Lindsey pinned the woman with a steel-eyed glare. “Because the only person who’s threatened me in the past four months is
you.

Adele appeared flabbergasted by the accusation. “Well, I never. That’s absurd. The rudest thing I ever heard.”

“Oh, it won’t be the last. You’ll have to take me into town so I can meet these men folk friends of yours. Then I can ask them directly about your tall tales of Slone’s killer instinct.”

“Now, that won’t be necessary. I assure you—”

“The only assurance I want from you is that you’ll quit sending me horrible letters bashing Slone and calling my baby atrocious names. It’s despicable. The immature actions of a bully who can’t fight fair, worried about salvaging her lies instead of facing the truth.”

Adele’s eyes blazed. “You’re the one who won’t face the truth.”

Arching an eyebrow, Lindsey said, “I don’t know where you got the idea I care what you think.
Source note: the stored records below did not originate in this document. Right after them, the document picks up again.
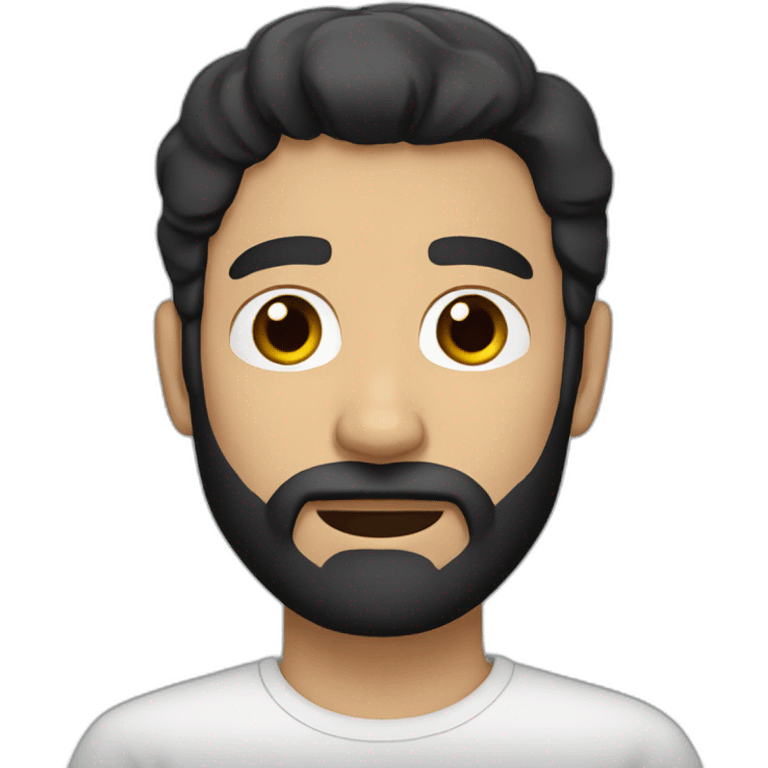 bearded white man with black hair emoji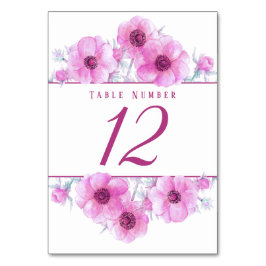 Tarjeta De Mesa Números de tabla de arte de color acuático rosa an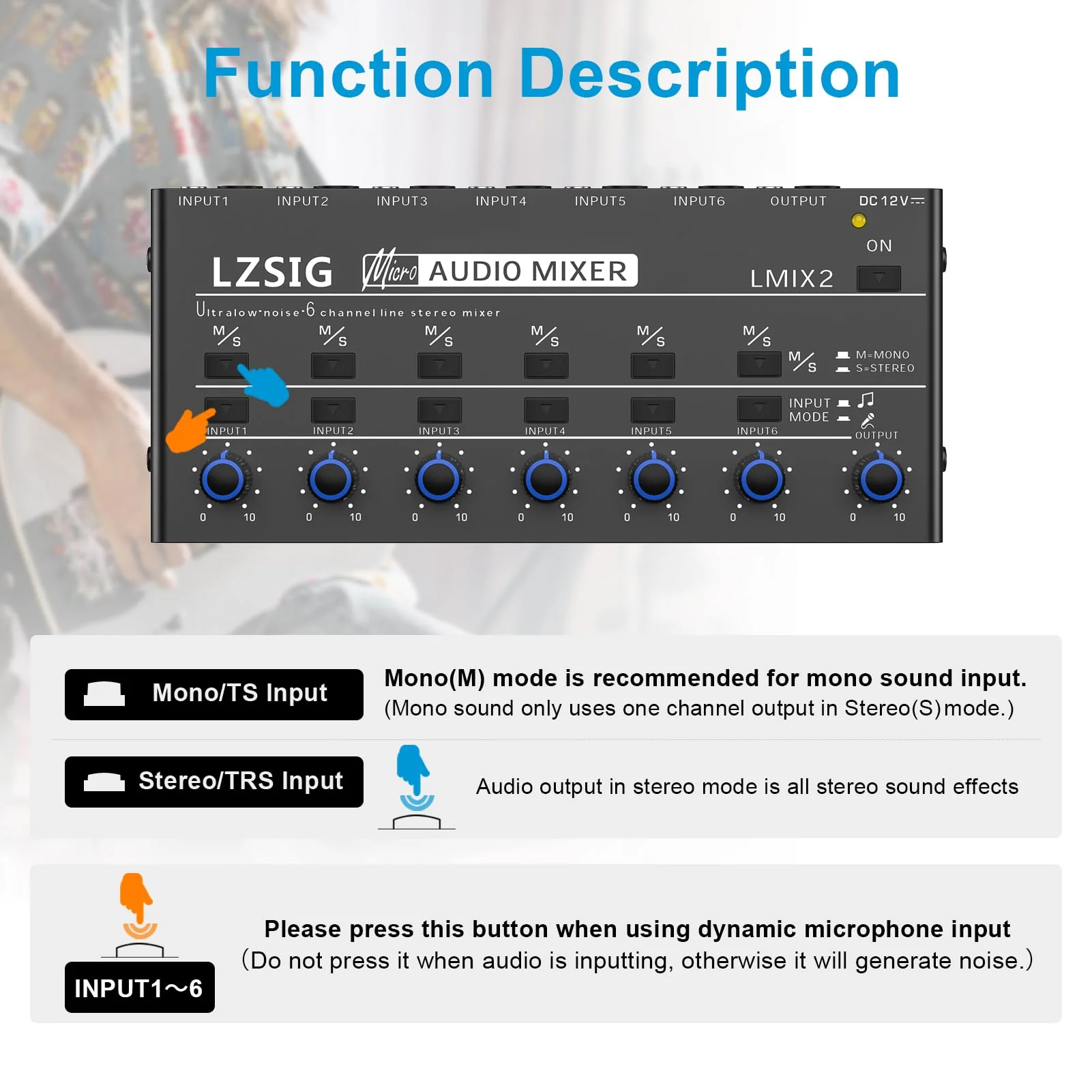 LZSIG Mini Audio Mixer,Stereo Line Mixer for Sub-Mixing,Ultra Low-Noise,6-Channel,Microphone Independent Control, 1/4" & 1/8" TRS Output and Input, for Guitars,Bass,Keyboards Medium(6-channel) - Image 5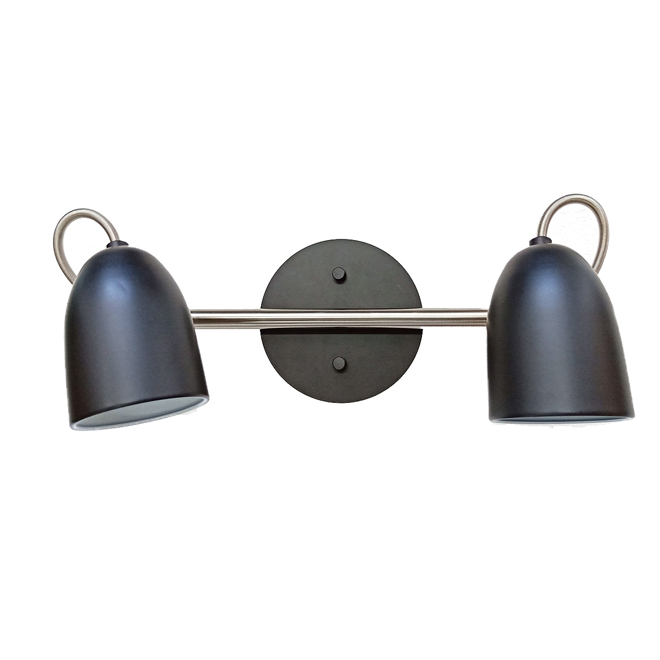 Track Light - 2 Lights - 16" - Steel - Chrome/Matte Black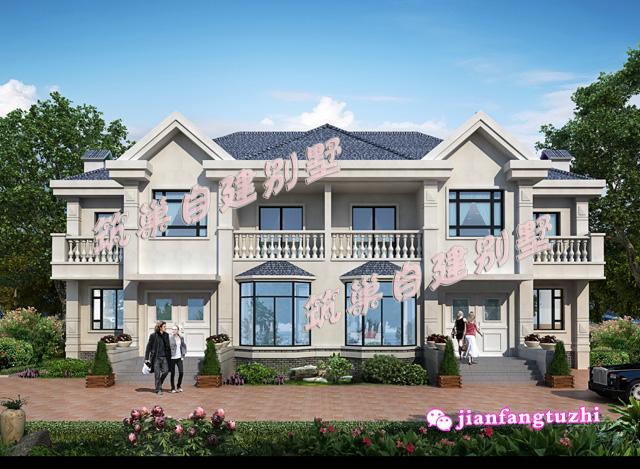 二層農村兄弟雙拼房別墅設計圖效果圖，總面積450平方米22x11米，對稱設計彰顯房屋的氣勢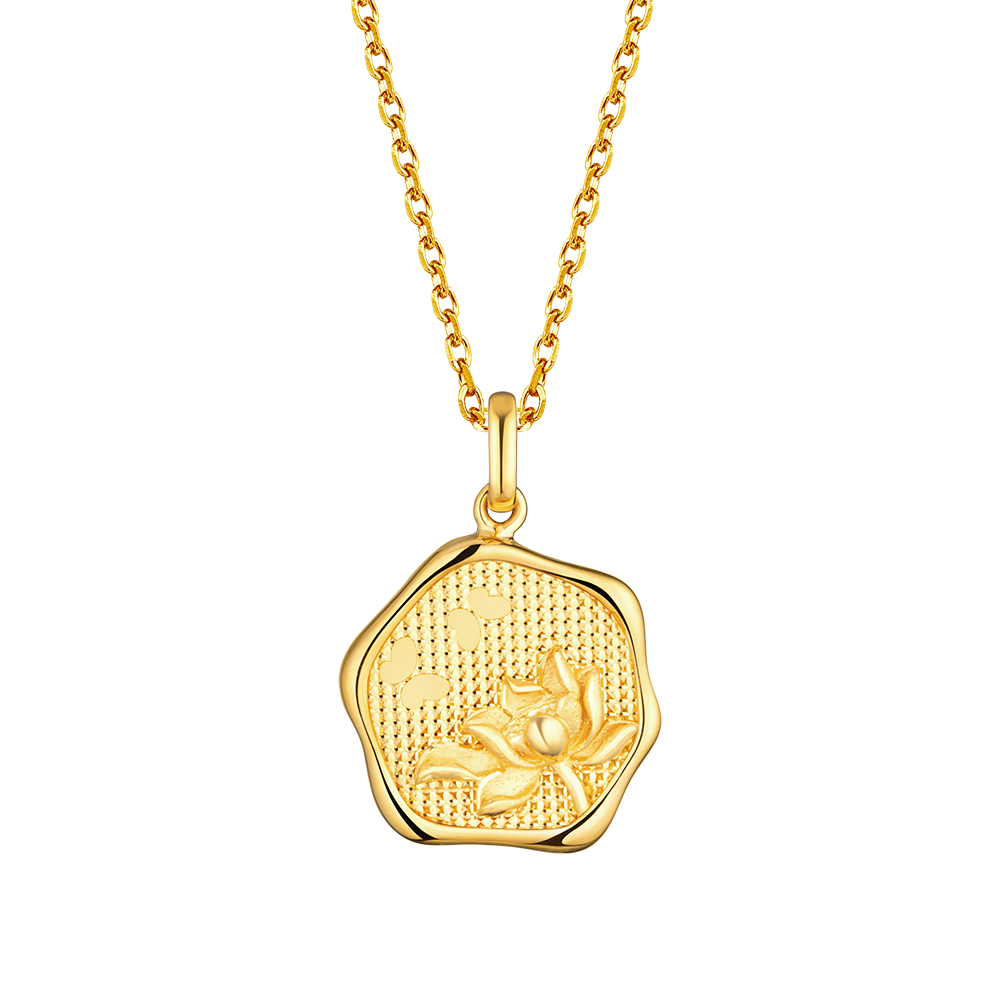 Goldstyle " Twelve Flora-Lotus " Gold Pendant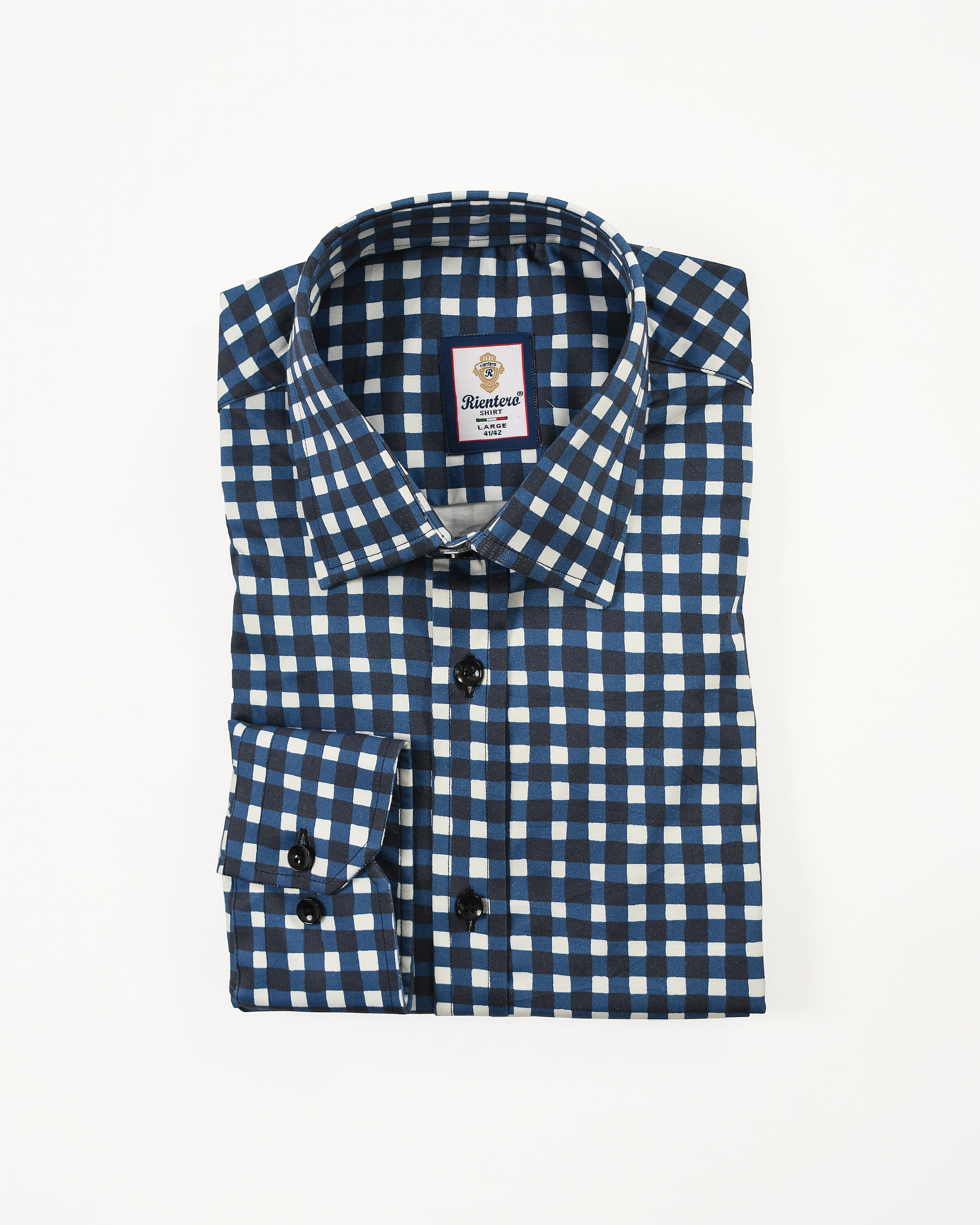  Men’s Indigo Check Dress Cotton Shirt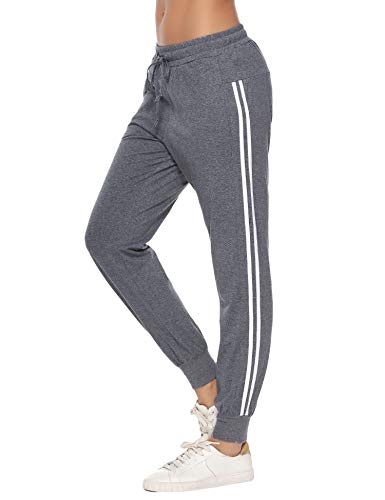 Hawiton Women Active Pants Drawstring Yoga Jogger Workout Sportwear Sweatpants with Pockets (Dark Grey, S)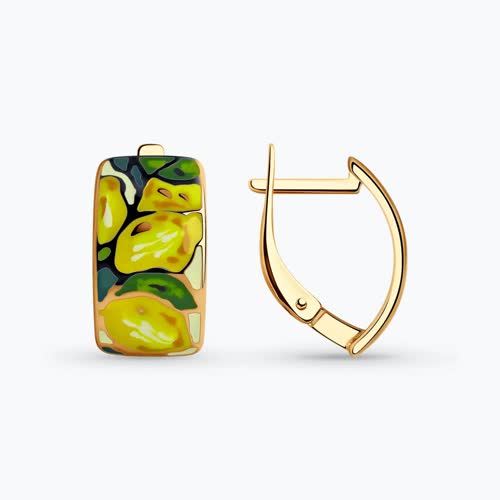 Серьги из золочёного серебра с эмалью - видео на модели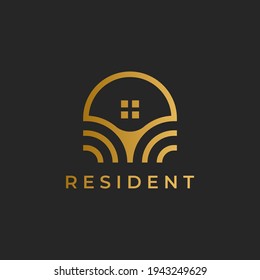 Golden house line icon. Can be used for realty estate, apartment, residential property or hotel logo template.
All I want is for the nonsense to
stop.

Adele shot to her feet and wagged her finger in Lindsey’s face. “Then you tell Slone he better
not stop
sending me the money he promised. He promised!”

Lindsey blinked. This was news. She hadn’t realized he’d changed his personal policy toward funding Makayla’s future. Although she suspected all these years his generosity had funded her mother, not the girl. Why else would Adele be infuriated by Slone’s money well drying up?

“Just before the new year, he sends me a letter out of the blue with the last check. He has set up come kind of a college fund for Makayla, instead of sending me money. But what about my new car payment? My cell phone bill? He had no right to pull the rug out from under me like that.”

Putting together a timeline, Lindsey discovered the dates matched up perfectly. She’d sent a letter with their home address to Maggie. While working on her parent’s anniversary invitations, Maggie likely mentioned it to Adele, who’d recently learned Slone had turned off the financial spigot, and asked to see the letter in person—where she spied their home address. She’d probably also read that Slone had received a promotion, strengthening her resolve to extort money. A week later they received the invitation sent to Slone’s work. And a few days after that Lindsey began receiving the hate mail from an “anonymous” source. Adele wasn’t nearly as clever as she thought she was.